> **Source data**:
========================================
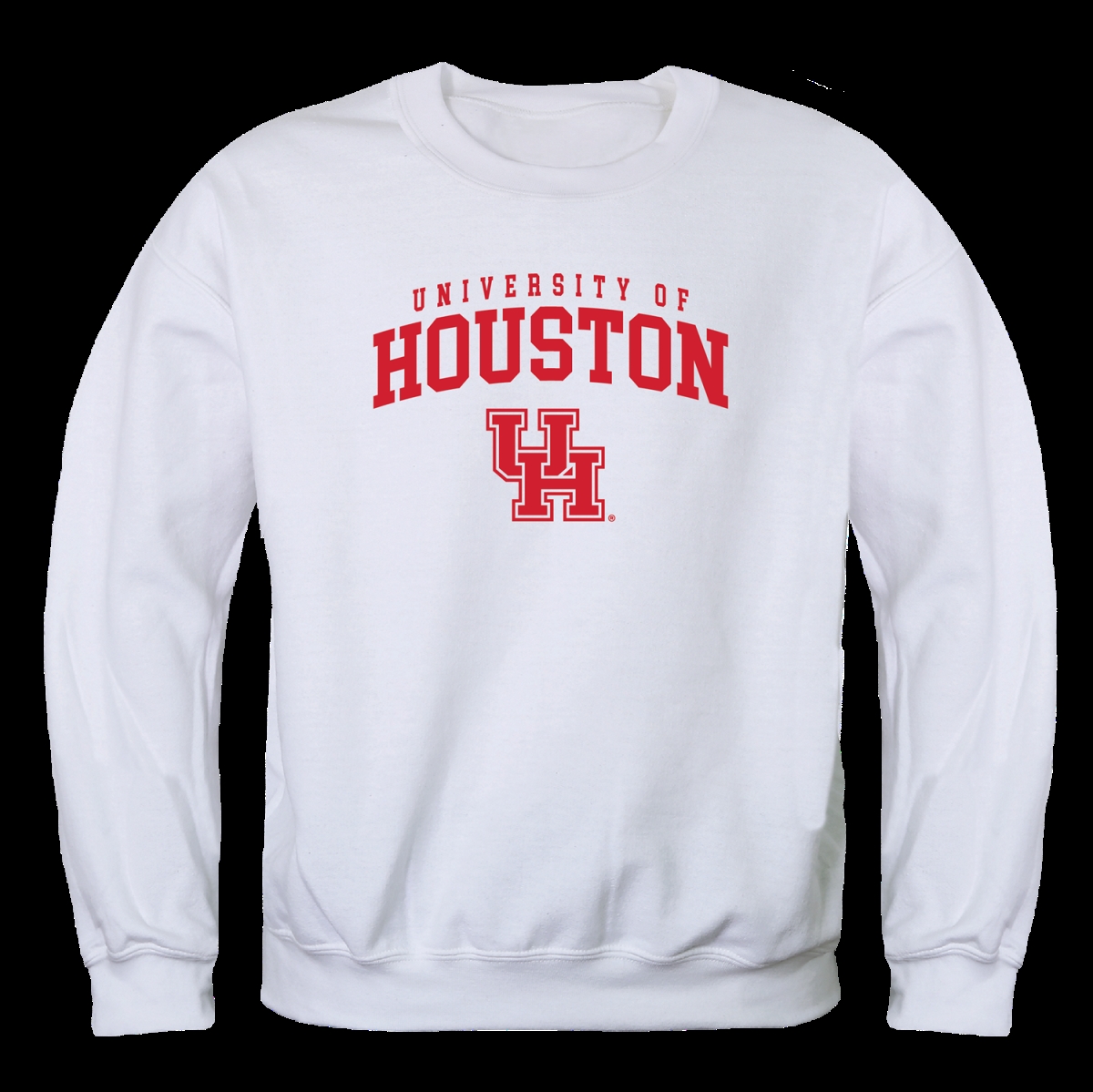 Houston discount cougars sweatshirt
========================================
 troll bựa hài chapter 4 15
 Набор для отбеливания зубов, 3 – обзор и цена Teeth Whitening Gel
========================================
> **Your task**: Print, without alteration, only the lines above between the one holding "troll bựa hài chapter 4 15" and the one holding "Набор для отбеливания", inclusive.

> **Answer space**:
 troll bựa hài chapter 4 15
 Набор для отбеливания зубов, 3 – обзор и цена Teeth Whitening Gel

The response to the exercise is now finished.